▶ [EXERCISE]: Write each line below back out exactly, omitting its pictures.

Scraped caption text data:
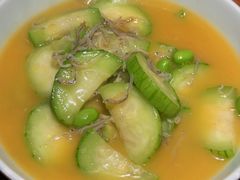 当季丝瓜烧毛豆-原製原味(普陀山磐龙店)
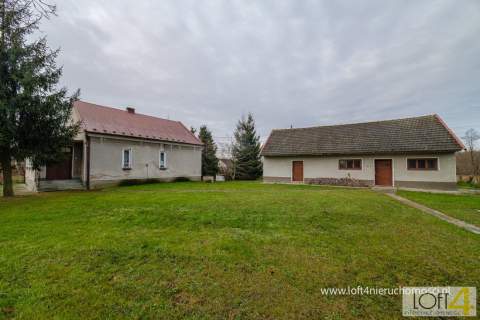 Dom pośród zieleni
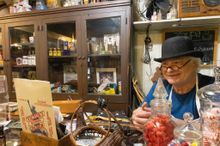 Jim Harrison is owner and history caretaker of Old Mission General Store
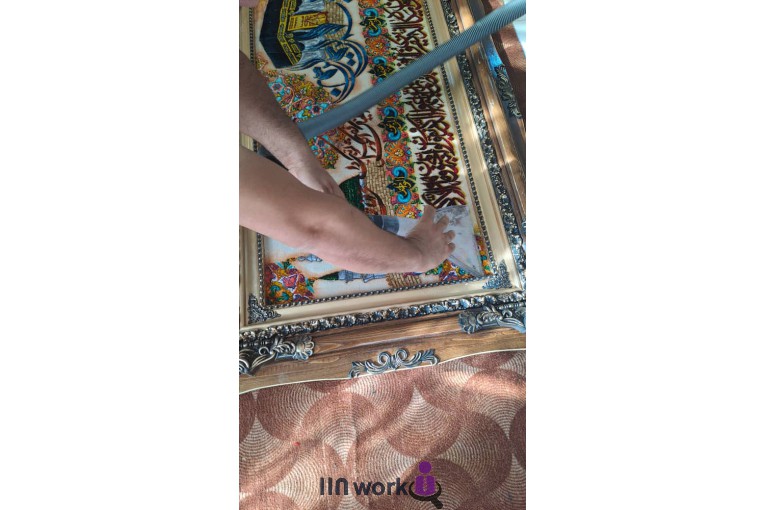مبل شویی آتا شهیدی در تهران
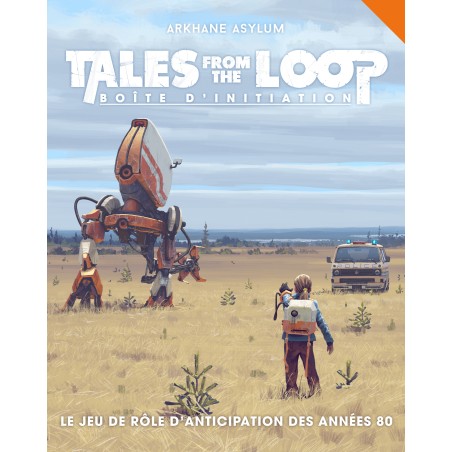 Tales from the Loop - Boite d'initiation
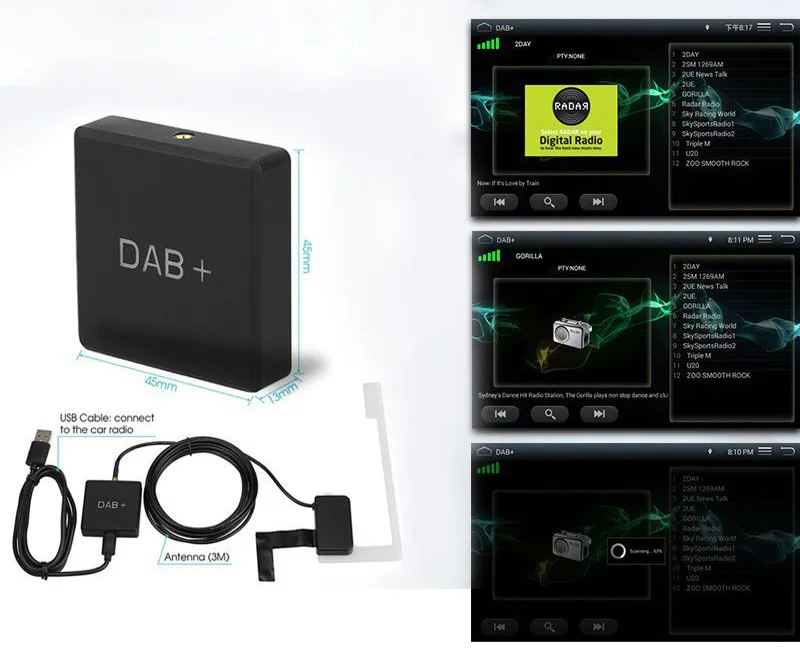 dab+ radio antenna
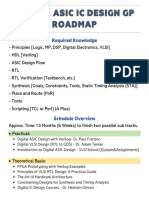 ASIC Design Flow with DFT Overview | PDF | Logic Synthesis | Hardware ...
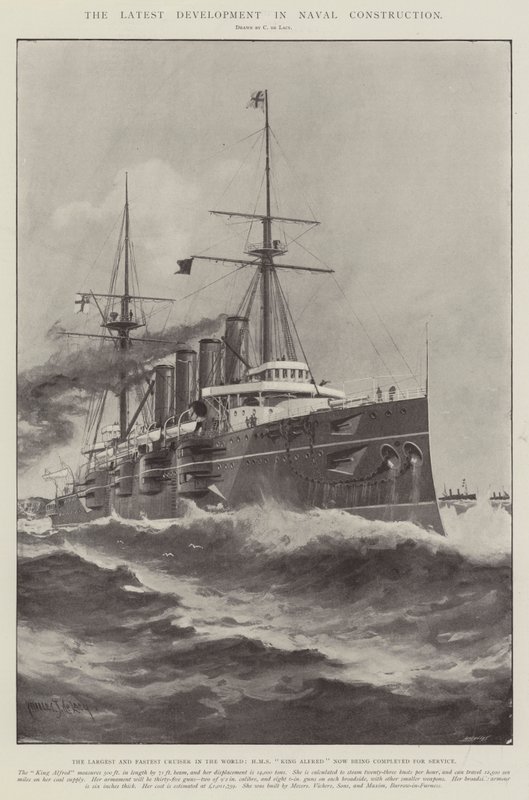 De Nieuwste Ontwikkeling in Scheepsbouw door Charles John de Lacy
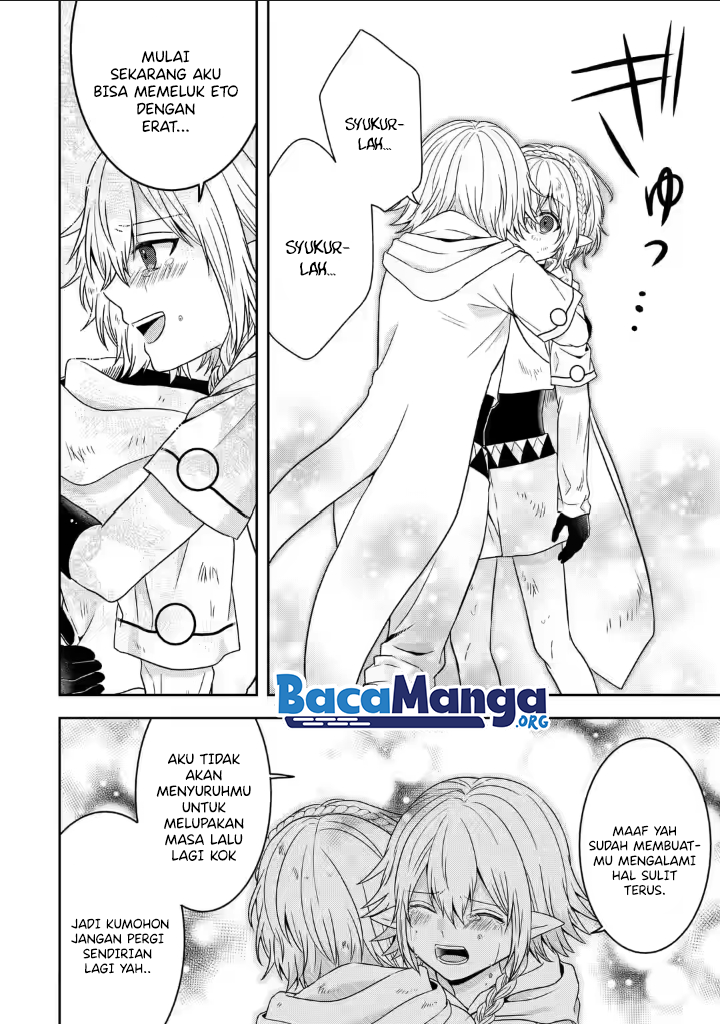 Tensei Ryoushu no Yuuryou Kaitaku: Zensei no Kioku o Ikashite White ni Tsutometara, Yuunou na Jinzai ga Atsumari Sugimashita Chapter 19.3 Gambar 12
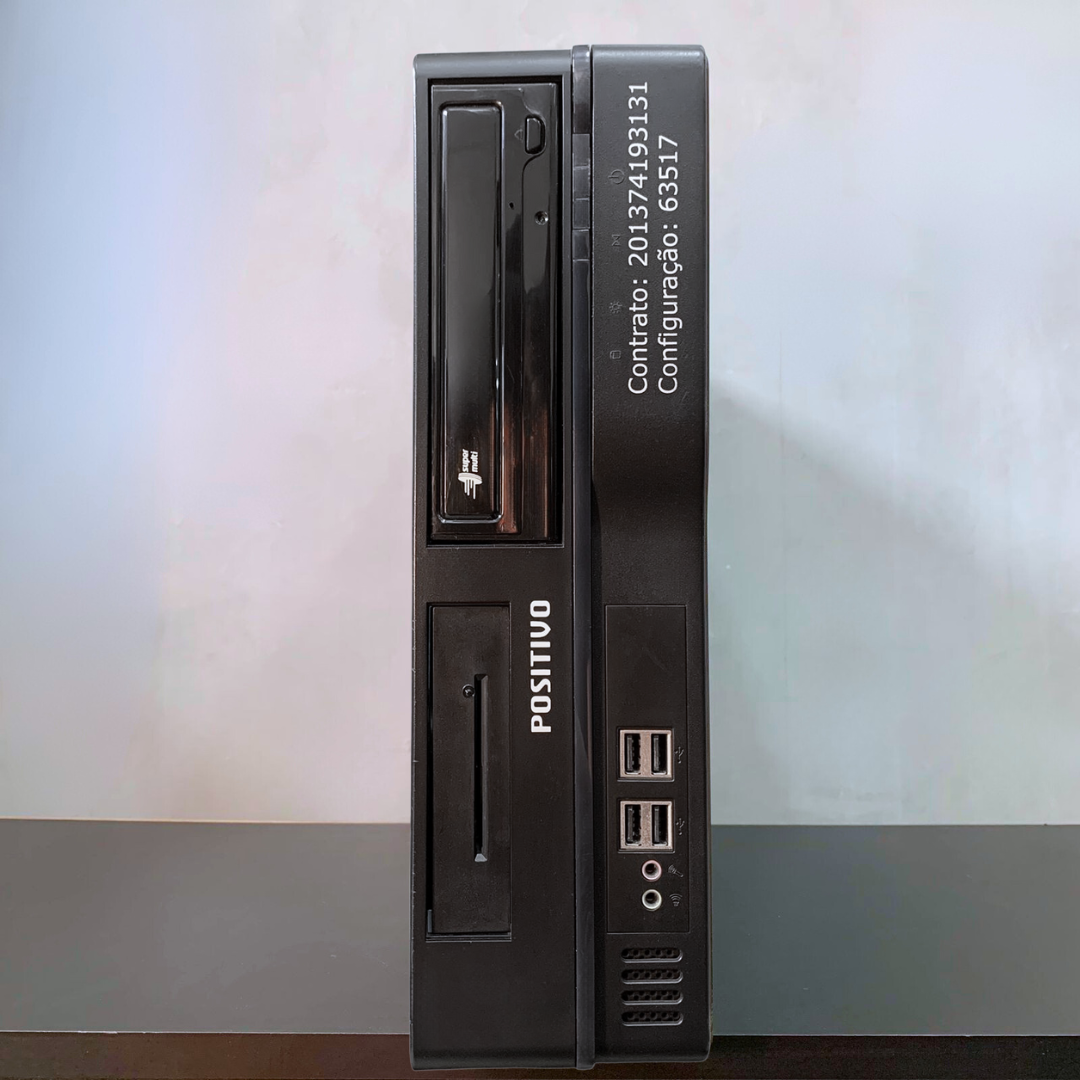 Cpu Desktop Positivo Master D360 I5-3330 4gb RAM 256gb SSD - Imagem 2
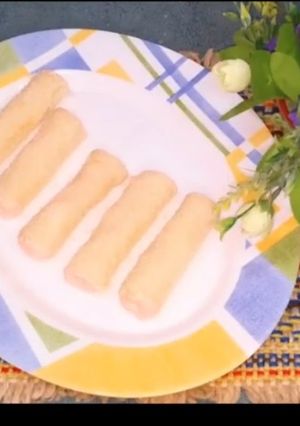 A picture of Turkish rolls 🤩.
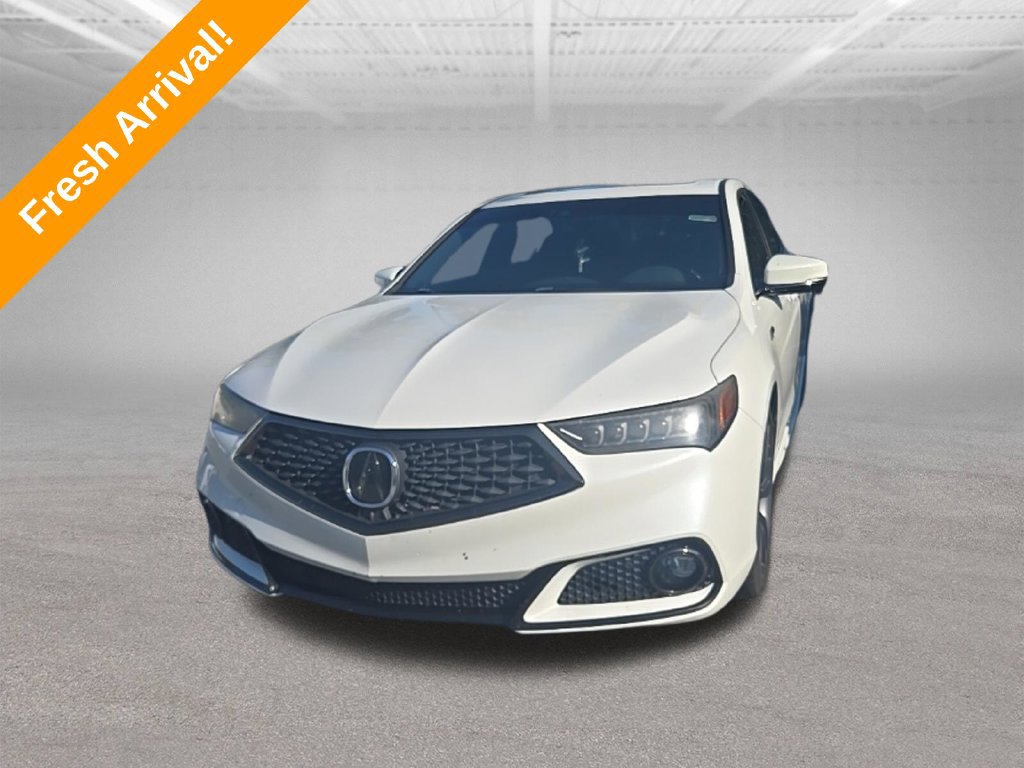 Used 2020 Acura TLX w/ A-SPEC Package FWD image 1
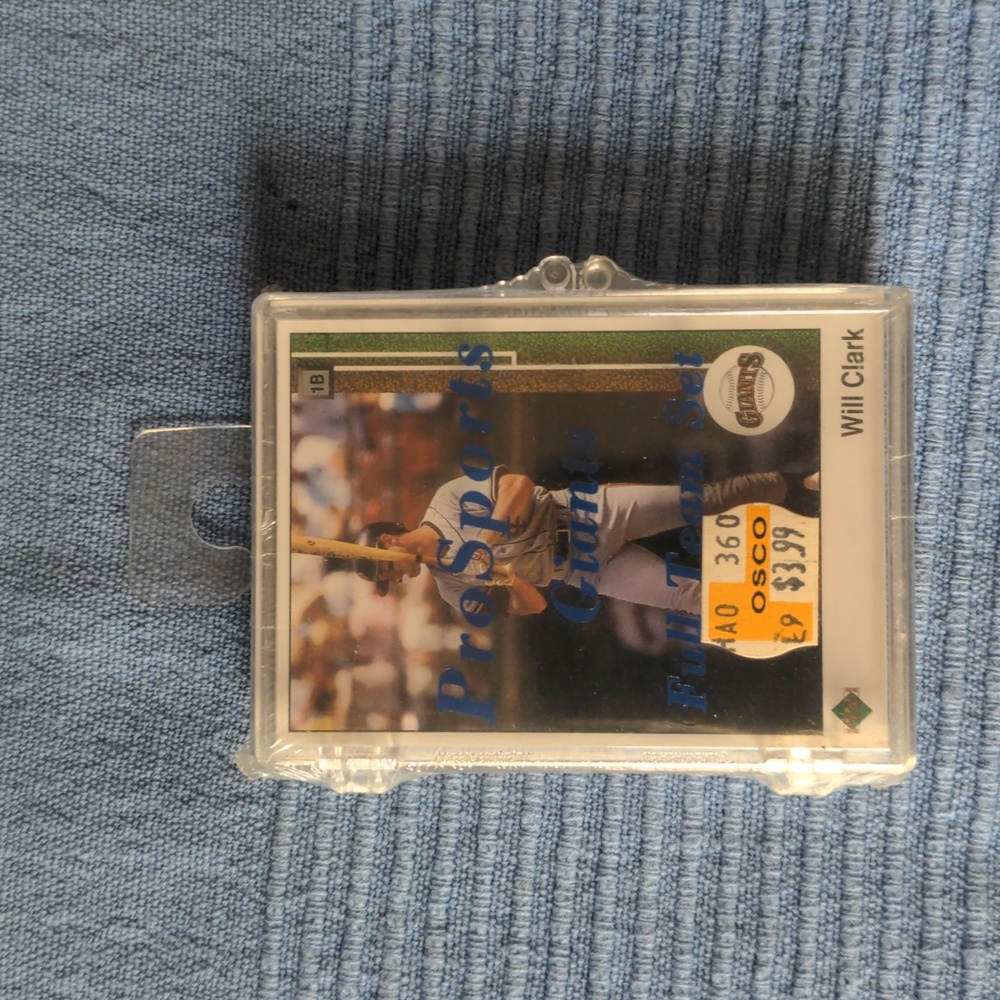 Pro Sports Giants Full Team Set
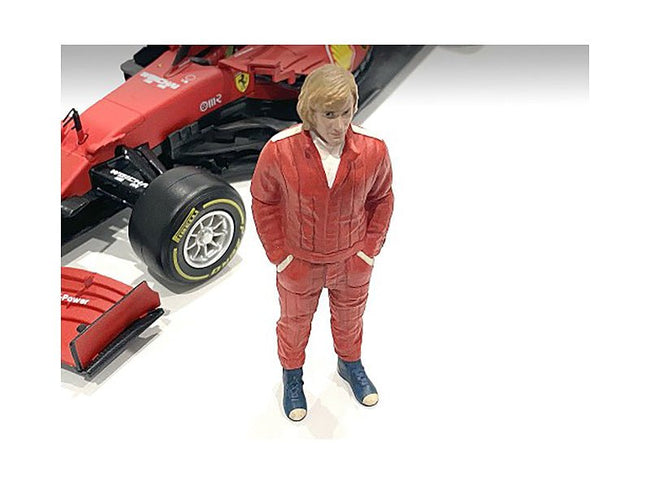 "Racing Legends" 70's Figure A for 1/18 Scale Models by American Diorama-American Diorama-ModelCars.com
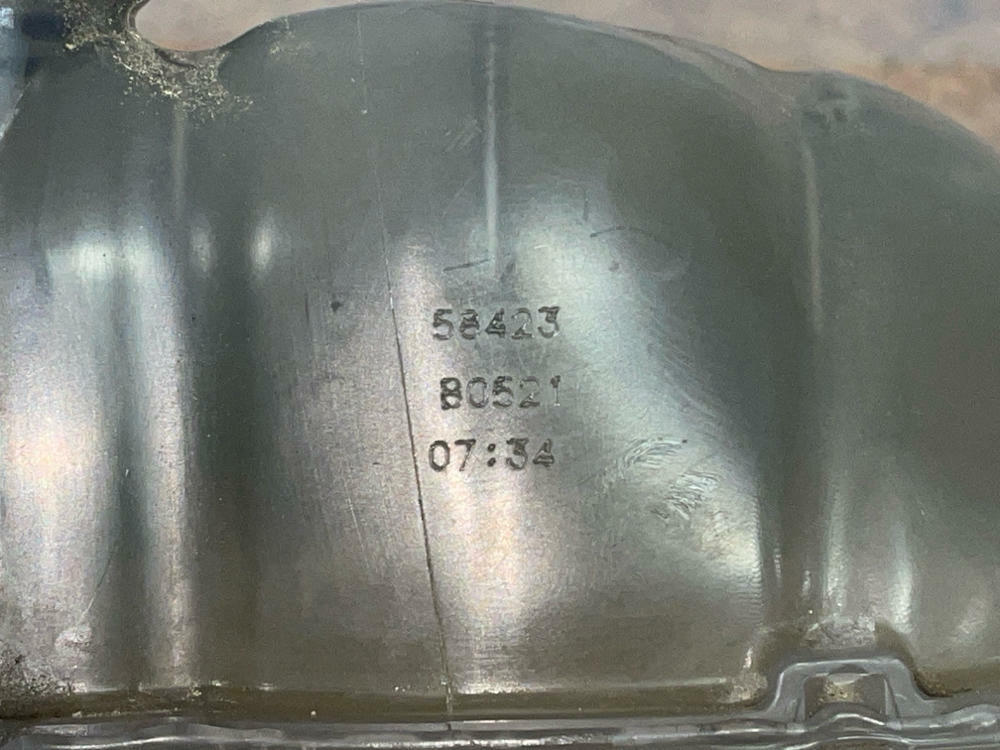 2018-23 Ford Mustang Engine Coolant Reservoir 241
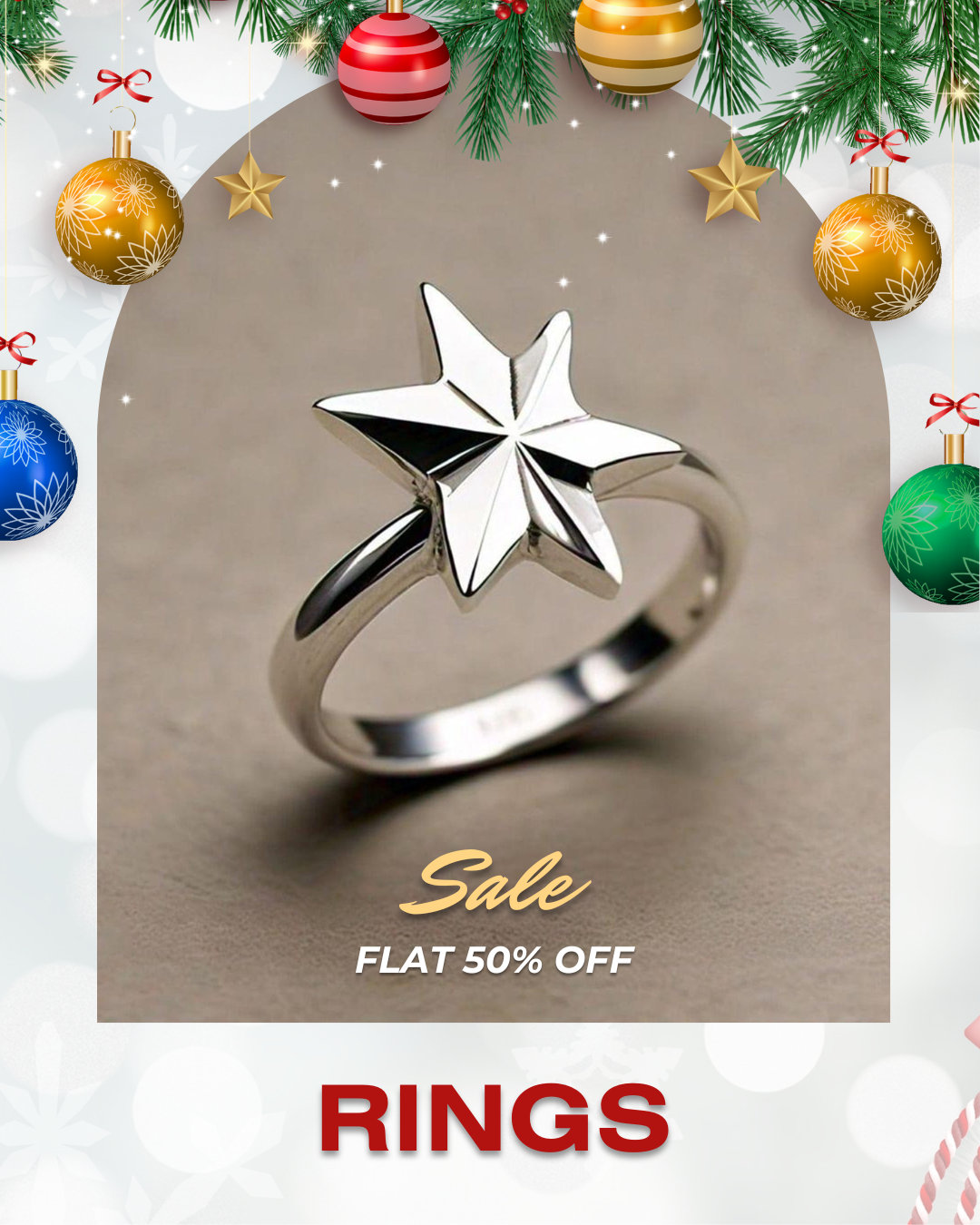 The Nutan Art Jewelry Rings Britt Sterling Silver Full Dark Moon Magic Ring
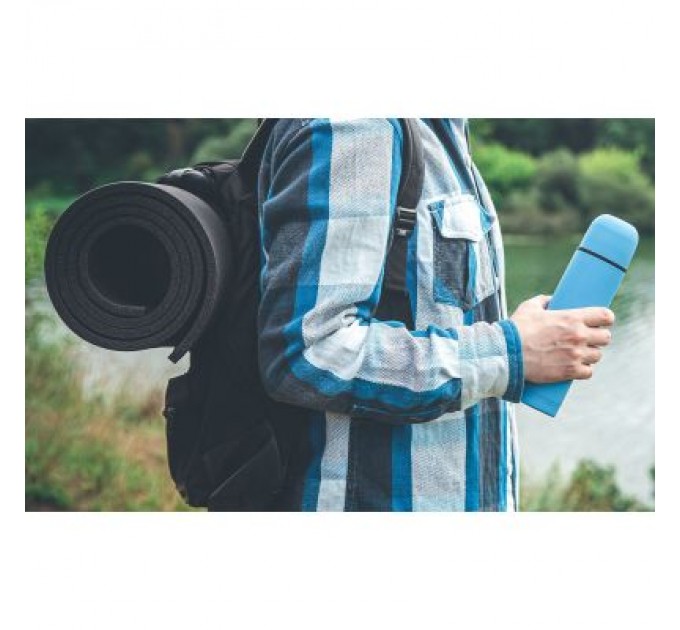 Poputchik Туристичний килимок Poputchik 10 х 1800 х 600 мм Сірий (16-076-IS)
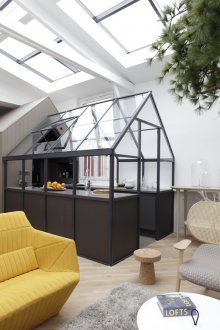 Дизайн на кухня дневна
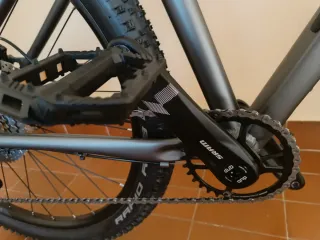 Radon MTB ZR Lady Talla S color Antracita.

▶ [ANSWER TO THIS PROBLEM]:
 当季丝瓜烧毛豆-原製原味(普陀山磐龙店)
 Dom pośród zieleni
 Jim Harrison is owner and history caretaker of Old Mission General Store
مبل شویی آتا شهیدی در تهران
 Tales from the Loop - Boite d'initiation
 dab+ radio antenna
 ASIC Design Flow with DFT Overview | PDF | Logic Synthesis | Hardware ...
 De Nieuwste Ontwikkeling in Scheepsbouw door Charles John de Lacy
 Tensei Ryoushu no Yuuryou Kaitaku: Zensei no Kioku o Ikashite White ni Tsutometara, Yuunou na Jinzai ga Atsumari Sugimashita Chapter 19.3 Gambar 12
 Cpu Desktop Positivo Master D360 I5-3330 4gb RAM 256gb SSD - Imagem 2
 A picture of Turkish rolls 🤩.
 Used 2020 Acura TLX w/ A-SPEC Package FWD image 1
 Pro Sports Giants Full Team Set
 "Racing Legends" 70's Figure A for 1/18 Scale Models by American Diorama-American Diorama-ModelCars.com
 2018-23 Ford Mustang Engine Coolant Reservoir 241
 The Nutan Art Jewelry Rings Britt Sterling Silver Full Dark Moon Magic Ring
 Poputchik Туристичний килимок Poputchik 10 х 1800 х 600 мм Сірий (16-076-IS)
 Дизайн на кухня дневна
 Radon MTB ZR Lady Talla S color Antracita.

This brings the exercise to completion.